### What needs to be done
In the listing below, repeat exactly every line from the first through the line containing "Funny French Bulldog", with nothing else.

### Supplied entries

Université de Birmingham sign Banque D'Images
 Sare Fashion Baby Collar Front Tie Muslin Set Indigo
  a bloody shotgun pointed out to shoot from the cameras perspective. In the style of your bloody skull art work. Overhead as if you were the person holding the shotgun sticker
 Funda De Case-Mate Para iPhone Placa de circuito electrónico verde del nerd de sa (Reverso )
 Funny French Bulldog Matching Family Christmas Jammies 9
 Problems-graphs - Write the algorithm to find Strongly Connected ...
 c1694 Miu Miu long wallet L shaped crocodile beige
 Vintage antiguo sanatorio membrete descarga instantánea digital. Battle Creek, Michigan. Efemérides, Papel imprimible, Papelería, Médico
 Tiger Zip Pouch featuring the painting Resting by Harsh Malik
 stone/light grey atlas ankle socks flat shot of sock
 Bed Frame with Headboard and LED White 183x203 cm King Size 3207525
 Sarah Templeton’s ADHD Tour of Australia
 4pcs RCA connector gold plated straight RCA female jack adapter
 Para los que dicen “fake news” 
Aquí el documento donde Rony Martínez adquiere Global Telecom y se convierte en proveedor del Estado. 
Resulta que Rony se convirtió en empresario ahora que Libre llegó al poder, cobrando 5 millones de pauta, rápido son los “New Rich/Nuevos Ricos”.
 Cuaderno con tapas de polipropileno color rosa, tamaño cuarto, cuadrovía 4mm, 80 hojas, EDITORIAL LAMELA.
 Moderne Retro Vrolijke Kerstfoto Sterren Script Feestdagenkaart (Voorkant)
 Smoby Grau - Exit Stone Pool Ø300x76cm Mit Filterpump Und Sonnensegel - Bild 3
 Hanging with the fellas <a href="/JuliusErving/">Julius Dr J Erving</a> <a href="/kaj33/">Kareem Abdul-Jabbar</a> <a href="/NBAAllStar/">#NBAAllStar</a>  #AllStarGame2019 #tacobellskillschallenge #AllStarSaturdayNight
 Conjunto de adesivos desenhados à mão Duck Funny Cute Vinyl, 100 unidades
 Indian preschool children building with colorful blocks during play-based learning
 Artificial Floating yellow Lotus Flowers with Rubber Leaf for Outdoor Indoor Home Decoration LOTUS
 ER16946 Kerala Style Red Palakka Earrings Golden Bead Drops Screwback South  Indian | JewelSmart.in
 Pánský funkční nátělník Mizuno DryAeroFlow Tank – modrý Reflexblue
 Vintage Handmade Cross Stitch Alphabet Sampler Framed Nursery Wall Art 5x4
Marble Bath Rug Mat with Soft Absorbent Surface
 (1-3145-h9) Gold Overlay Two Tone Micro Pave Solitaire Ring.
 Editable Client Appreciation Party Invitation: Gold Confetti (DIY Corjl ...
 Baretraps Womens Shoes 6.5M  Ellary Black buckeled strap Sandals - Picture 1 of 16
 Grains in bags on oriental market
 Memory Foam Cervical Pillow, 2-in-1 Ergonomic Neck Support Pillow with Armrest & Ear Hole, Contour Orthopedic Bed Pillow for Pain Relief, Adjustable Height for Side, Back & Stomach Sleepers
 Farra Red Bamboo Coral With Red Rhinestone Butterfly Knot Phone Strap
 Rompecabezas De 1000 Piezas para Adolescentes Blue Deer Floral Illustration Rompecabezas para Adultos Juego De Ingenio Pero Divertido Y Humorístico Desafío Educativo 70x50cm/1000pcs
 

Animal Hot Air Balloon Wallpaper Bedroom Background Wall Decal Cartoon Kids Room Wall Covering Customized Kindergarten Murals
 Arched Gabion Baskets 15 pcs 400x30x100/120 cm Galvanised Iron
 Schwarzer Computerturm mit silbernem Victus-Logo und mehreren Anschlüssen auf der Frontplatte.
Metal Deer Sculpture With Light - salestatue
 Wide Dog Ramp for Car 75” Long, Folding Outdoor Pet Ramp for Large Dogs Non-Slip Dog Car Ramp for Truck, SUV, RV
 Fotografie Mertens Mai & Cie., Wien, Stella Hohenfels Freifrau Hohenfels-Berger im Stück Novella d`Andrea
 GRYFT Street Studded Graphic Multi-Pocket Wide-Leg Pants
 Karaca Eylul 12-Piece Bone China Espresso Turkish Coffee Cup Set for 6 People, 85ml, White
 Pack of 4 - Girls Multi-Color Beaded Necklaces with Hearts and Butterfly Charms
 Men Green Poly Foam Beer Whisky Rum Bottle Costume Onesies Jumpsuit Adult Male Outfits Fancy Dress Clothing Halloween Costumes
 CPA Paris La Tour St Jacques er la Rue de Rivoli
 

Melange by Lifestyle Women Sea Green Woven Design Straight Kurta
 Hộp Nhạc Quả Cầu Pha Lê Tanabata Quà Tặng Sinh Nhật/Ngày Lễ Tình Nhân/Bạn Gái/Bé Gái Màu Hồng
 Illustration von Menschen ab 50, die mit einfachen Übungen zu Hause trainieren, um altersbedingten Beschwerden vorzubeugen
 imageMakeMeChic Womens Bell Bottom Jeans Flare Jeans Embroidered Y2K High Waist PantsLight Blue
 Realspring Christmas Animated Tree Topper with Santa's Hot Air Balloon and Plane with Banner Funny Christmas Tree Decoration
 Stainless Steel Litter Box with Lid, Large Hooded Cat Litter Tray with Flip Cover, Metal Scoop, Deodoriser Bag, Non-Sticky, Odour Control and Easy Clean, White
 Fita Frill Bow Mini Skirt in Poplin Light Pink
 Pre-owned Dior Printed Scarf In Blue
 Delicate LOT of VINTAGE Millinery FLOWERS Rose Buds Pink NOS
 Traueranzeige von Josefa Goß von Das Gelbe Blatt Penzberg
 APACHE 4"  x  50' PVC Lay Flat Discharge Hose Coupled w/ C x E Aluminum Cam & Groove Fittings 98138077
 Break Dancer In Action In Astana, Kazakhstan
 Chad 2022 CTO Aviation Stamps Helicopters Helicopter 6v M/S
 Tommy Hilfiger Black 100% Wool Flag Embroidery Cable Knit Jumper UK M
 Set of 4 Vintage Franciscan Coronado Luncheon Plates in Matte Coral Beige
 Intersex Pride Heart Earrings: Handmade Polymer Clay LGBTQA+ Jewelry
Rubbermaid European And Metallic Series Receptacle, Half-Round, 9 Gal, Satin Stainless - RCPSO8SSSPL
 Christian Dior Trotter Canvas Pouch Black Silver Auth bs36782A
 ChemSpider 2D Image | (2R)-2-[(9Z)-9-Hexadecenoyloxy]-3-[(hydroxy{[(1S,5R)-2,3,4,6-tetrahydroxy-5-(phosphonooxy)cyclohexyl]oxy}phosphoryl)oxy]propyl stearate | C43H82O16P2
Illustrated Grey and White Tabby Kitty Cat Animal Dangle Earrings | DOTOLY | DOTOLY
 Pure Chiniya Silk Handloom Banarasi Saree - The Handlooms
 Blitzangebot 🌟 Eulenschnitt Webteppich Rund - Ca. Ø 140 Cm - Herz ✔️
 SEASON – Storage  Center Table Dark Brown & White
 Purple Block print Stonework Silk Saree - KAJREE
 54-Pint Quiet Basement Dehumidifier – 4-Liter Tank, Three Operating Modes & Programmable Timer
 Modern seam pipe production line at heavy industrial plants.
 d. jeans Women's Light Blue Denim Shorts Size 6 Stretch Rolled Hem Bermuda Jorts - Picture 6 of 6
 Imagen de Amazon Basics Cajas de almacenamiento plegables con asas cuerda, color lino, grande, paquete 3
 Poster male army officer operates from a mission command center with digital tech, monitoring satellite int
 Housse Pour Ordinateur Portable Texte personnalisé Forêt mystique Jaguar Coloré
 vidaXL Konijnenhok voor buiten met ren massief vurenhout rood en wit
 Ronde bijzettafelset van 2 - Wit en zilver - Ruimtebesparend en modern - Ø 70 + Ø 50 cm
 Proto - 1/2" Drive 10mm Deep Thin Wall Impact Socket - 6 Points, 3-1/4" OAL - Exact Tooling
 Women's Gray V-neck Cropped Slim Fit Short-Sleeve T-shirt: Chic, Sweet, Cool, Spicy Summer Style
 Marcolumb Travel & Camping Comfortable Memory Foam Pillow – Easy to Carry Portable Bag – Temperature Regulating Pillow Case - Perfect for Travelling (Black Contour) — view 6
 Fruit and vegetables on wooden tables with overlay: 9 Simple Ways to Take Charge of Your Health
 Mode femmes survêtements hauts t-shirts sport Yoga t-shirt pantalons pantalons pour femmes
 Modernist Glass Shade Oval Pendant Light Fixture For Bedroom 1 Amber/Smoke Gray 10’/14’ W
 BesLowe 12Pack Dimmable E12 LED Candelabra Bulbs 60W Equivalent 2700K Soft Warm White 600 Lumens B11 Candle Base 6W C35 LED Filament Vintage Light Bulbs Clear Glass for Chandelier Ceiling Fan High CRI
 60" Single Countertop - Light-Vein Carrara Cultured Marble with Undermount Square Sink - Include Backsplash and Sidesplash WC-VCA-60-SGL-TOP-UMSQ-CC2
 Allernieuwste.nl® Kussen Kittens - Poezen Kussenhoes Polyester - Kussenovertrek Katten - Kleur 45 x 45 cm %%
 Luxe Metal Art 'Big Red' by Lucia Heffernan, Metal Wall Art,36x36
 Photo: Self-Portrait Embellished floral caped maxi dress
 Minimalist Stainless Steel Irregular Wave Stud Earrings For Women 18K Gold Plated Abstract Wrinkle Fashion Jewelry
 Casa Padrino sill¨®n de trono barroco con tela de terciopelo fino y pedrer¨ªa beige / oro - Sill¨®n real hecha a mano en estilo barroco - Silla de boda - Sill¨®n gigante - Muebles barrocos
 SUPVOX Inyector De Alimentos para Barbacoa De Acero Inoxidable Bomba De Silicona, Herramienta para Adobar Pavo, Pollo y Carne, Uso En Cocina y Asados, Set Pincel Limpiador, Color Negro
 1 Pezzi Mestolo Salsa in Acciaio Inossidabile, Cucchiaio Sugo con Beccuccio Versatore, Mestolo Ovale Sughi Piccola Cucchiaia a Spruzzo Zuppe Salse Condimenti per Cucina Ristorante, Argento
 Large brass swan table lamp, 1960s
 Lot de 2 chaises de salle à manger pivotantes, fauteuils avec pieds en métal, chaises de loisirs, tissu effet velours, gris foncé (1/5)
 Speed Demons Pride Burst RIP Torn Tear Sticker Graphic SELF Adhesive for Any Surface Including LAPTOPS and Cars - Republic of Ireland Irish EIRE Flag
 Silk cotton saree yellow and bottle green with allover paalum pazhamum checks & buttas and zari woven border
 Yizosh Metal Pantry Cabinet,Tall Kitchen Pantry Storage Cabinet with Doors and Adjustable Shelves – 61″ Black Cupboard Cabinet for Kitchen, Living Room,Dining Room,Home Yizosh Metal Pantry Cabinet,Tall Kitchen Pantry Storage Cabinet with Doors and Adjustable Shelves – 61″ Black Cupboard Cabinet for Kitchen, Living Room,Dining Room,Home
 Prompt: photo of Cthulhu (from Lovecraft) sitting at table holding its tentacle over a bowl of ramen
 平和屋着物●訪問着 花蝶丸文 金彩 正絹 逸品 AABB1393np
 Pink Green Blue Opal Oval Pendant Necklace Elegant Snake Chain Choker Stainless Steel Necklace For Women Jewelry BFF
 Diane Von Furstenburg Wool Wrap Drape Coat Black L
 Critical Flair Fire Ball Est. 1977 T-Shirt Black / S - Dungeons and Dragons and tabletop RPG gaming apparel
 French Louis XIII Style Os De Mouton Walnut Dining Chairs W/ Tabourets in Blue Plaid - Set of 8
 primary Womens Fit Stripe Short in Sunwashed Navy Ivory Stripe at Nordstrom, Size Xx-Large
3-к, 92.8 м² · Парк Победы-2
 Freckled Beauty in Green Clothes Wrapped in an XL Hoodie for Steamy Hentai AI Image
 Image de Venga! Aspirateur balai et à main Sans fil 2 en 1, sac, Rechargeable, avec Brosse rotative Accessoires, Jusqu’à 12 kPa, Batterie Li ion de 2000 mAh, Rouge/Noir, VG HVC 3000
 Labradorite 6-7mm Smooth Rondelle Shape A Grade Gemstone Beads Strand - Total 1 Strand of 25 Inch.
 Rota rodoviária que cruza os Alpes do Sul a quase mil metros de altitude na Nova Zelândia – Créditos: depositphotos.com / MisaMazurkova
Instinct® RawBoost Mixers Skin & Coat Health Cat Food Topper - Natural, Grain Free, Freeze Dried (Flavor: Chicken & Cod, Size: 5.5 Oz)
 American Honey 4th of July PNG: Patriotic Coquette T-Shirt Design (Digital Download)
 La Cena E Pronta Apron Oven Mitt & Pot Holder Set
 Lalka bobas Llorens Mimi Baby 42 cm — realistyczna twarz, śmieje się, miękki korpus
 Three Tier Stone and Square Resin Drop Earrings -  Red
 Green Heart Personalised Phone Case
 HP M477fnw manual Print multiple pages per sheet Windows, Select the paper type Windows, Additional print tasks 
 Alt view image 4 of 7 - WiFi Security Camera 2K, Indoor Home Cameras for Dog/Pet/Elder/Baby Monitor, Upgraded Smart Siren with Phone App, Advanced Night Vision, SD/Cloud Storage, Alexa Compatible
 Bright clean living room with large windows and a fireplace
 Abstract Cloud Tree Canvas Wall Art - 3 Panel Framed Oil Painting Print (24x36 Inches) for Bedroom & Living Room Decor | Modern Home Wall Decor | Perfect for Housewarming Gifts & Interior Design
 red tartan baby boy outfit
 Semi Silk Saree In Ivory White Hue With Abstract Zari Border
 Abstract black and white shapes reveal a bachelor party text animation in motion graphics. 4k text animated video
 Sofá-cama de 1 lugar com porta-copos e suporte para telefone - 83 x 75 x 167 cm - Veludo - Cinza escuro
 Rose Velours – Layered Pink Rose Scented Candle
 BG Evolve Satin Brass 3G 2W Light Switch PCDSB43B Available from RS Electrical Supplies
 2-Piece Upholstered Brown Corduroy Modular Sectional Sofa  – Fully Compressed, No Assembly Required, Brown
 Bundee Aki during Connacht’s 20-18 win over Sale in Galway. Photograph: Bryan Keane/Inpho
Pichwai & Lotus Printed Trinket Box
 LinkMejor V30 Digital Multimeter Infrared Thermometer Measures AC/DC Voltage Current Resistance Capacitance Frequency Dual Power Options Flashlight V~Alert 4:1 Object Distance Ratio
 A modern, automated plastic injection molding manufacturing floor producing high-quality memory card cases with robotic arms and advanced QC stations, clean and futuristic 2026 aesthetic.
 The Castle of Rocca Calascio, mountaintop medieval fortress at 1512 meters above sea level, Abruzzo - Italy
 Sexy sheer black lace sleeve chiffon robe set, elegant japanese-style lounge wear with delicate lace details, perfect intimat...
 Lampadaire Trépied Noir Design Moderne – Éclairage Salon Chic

### Task result
Université de Birmingham sign Banque D'Images
 Sare Fashion Baby Collar Front Tie Muslin Set Indigo
  a bloody shotgun pointed out to shoot from the cameras perspective. In the style of your bloody skull art work. Overhead as if you were the person holding the shotgun sticker
 Funda De Case-Mate Para iPhone Placa de circuito electrónico verde del nerd de sa (Reverso )
 Funny French Bulldog Matching Family Christmas Jammies 9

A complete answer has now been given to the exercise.